From the OCTG standpoint, sure, all SBQ suppliers will see the benefit of it, because there is definitely an impact that will come as people become worried about being affected by the case and ramifications of the charges that occur, financial charges.
Evan L. Kurtz - Morgan Stanley, Research Division
Great. And then just maybe one on Mesabi.
We haven't talked about this in a long time, but I assume they're still pursuing the mining permits for the operations up there for the existing iron ore mine? Is that something that's still kind of on your radar?
Is that -- where do those stand?
Mark D. Millett
Well, I think, given the activity at Mining Resources and their ability to supply all our concentrate requirements at a good cost, the priority, I guess, is less up there. We do continue to pursue a permit.
It's the -- we've got the rights and the land to eventually reopen that, so there's a lot of value in that mine that we could avail ourselves in the future at some point in time. But I would say yes, we're still pursuing, still on the radar screen, but not as actively, perhaps, as we were 1.5 years ago.
Operator
Our next question comes from the line of Curt Woodworth with Nomura.
Curtis Rogers Woodworth - Nomura Securities Co. Ltd., Research Division
Mark, I was wondering if you could comment on some of the divergence we're seeing in growth rates among the portfolio. I mean, it seems like the bar markets are showing pretty meaningful year-on-year declines, whereas beam is flat and the sheet market's showing modest growth.
Do you feel like that's indicative of just the fact that the non-res cycle is sort of stabilizing and maybe we're seeing, at least on the bar side, more weakness than on the industrial equipment side?
Mark D. Millett
Well, I'm not so sure that we're seeing our bar side depreciate like that. I think we're somewhat steady.
I think the -- generally, our order rate at the structurals is sort of steady to up incrementally.
Richard P. Teets
It is. And to the point of the bar, like SBQ, it has rebounded, but it's stabilized.
It's -- again, you're right, the off-road [ph] and so forth, because of I think worldwide demand. Many of our domestic customers do supply worldwide.
And when it cooled off in South America and in China and so forth, it became a lower demand issue and, certainly, domestically because of the, needless to say, coal mining and so forth that really gotten damper. But when you compare them with the flat rolled, it's a much bigger market.
And as we specialize in a number of products, even small improvements in the residential garage doors and so forth, as those improve, the truck-trailer markets, those have strengthened due to distribution opportunities. We see that improvement both in steel at West Virginia and in Butler.
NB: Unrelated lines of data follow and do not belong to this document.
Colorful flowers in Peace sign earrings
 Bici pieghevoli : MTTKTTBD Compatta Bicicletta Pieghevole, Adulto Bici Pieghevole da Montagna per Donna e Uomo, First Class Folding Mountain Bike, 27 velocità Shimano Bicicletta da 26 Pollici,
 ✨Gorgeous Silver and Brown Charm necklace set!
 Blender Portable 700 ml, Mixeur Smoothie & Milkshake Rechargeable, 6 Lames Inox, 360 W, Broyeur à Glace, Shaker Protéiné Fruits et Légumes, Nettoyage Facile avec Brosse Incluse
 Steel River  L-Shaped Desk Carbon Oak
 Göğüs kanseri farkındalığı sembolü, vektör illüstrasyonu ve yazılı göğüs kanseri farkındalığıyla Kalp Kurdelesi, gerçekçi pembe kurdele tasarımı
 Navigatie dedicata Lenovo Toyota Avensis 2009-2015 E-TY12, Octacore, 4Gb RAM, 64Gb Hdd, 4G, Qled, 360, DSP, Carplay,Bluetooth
They correspond very closely, and so those have strengthened in both of those arenas. So yes, there is some truth to what you're saying, but I would -- I wouldn't characterize the bar market as being -- falling.
I think we've been very steady. We don't see yet any rapid growth to it in the second half, but we see it very steady and slightly improving.
Mark D. Millett
And obviously, the largest, I guess, deviance [ph] would be engineered bar year-over-year or first half over first half, and we all recognize, I think, that, that was associated with the inventory realignment.
Richard P. Teets
And we're optimistic with our expansion with our new products coming on. That will be a growth opportunity for us, and necessarily in the market, but we always are looking for opportunities to bring product differentiation and -- into the marketplace.
Curtis Rogers Woodworth - Nomura Securities Co. Ltd., Research Division
Okay. And then just one final question on long product pricing.
It seems like the last couple of months, you see more shift in the industry to try and to settle the bar and beam prices ahead of the scrap settlement and kind of representing potential shift away from scrap surcharging mechanisms in the long products. I mean, do you guys see that happening?
And is that happening in response to trying to establish a price in the market that, kind of regardless of where scrap settles month-to-month, you're going to have a price that will be competitive versus an import, which you identified earlier as seeing a little bit more pressure there, at least in May?
Mark D. Millett
I think the reasoning, obviously, Nucor attempts to be out there ahead of everyone else, and I wouldn't want to speculate on why they're doing it at this point in time.
Operator
Our next question comes from the line of Michelle Applebaum with Steel Market Intelligence.
Michelle Applebaum - Steel Market Intelligence Inc
I think this is the first time Mesabi Nugget has beaten your guidance, and it looks like the numbers on Rail were particularly good, SBQ. I mean, everything is kind of cooking in a market that's not.
So good for you, guys. I wanted to ask a question about what the outlook for the scrap market is.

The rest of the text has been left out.